Oxford Study Denying Abortion-Cancer Link “Seriously Flawed”



Oxford scientists first covered up the abortion-breast cancer link with the publication of a 1982 study, and are at it again with another study released this week according to the Abortion-Breast Cancer Coalition (ABCC). The latest study is the fifth study by the university's scientists denying an abortion-cancer link.

In the first such study in 1982 Vessey et al., claimed, “The results are entirely reassuring, being, in fact, more compatible with protective effects (of abortion) than the reverse.” The study, however, was deemed irrelevant because it included, as it admitted “only a handful of women” who'd had abortions.

The latest study, led by Gillian Reeves, conceded that childbearing reduces risk, but failed to compare the effect of having an abortion with the effect of having a full term pregnancy. “They covered up the substantial increase in risk associated with the loss of the protective effect of a full term pregnancy,” says ABCC in a release.

Two breast cancer risks are associated with abortion — the loss of the protective effect of a full term pregnancy (the universally recognized risk) and the independent link (the debated risk). The study, Reeves et al., concerns only the second risk. The independent link addresses this question: Does the woman who has an abortion have a higher breast cancer risk than she would have had if she hadn't had that pregnancy?

By contrast, the first risk (omitted by Reeves et al.) has to do with this question: Does the woman who has an abortion have a greater risk than does the woman who has a full term pregnancy? Experts universally agree that the post-abortive woman does have a higher risk than does the woman who has a baby.

Professor Joel Brind, president of the Breast Cancer Prevention Institute, maintains that the methodology is “seriously flawed in the direction of covering up the link.” Both abortions and breast cancer diagnosis were included right up to the same year — 2000. Many women were over 40 when abortion was legalized in their respective countries.
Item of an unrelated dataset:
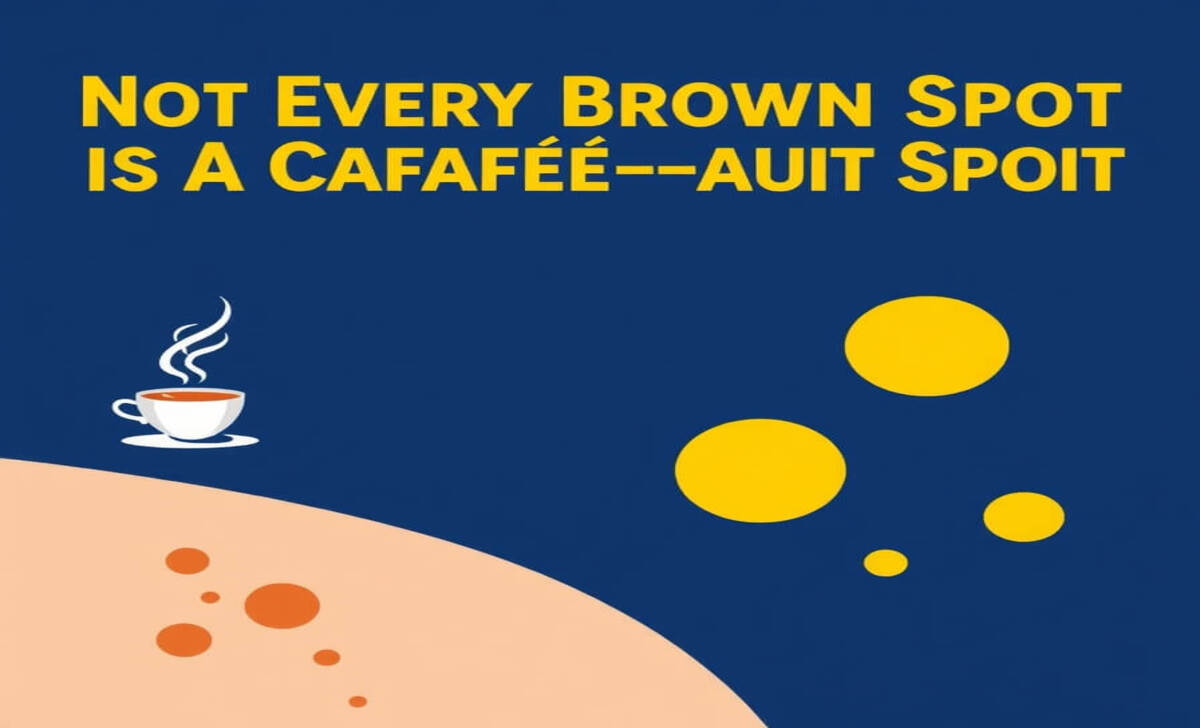 Not Every Brown Spot Is A Café-Au-Lait Spot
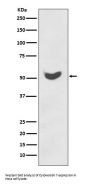 Anti-Cytokeratin 7 KRT7 Rabbit Monoclonal Antibody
Therefore, many younger women with recent abortions were compared to older breast cancer patients who were too old to have been exposed to legal abortions during most of their fertile years.

Brind said, “This sort of bad science is becoming disappointingly familiar. It is similar to the flaws in the Danish study, Melbye et al. 1997.”

Reeves et al. is one of 28 studies with unpublished abortion data that had been included in a review of 52 studies for the journal Lancet in 2004. The review, Oxford's fourth attempt to cover up the link, is still used to mislead women about the cancer risk, says ABCC. Four experts criticized the review, independently of one another.

Last year, Dr. Brind authored a review of ten studies, including two Oxford papers. He concluded that they “embody many serious weaknesses and flaws” and “do not invalidate” the larger body of research supporting a link.

“Cancer researchers are supposed to be dedicated to protecting human lives, not serving the abortion industry,” asserted Karen Malec, president of the Coalition.